:: Data section

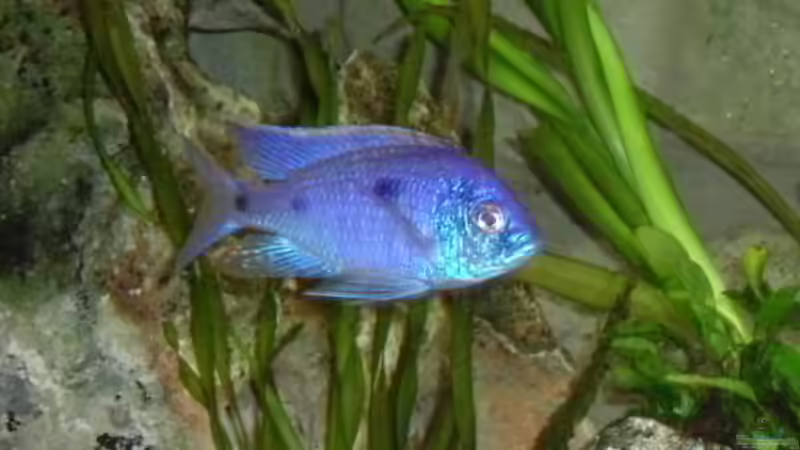 Copadichromis azureus von phyvf (14)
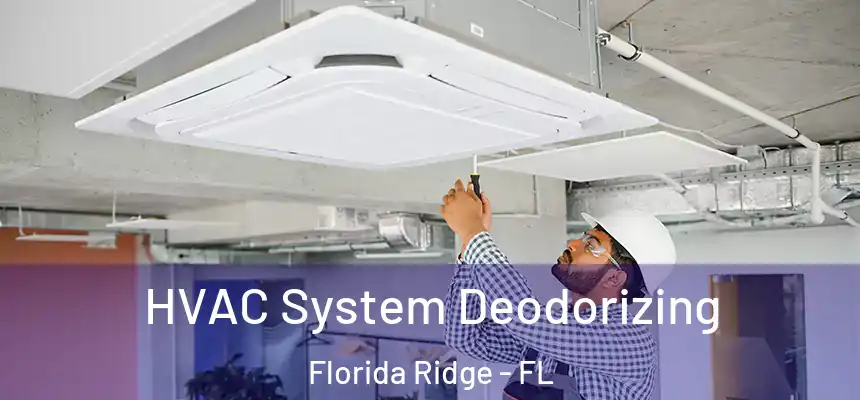 HVAC System Deodorizing Florida Ridge - FL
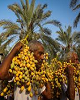 جشنواره خرما همزمان با هفته بوشهر در اسفندماه برگزار می شود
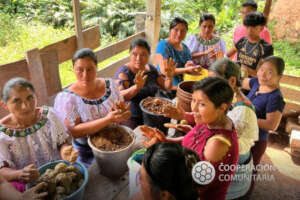 Community self-building with natural materials.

::::

Task goal:
Output the listing above exactly, pictures omitted.

Response box:
 Copadichromis azureus von phyvf (14)
 HVAC System Deodorizing Florida Ridge - FL
 جشنواره خرما همزمان با هفته بوشهر در اسفندماه برگزار می شود
 Community self-building with natural materials.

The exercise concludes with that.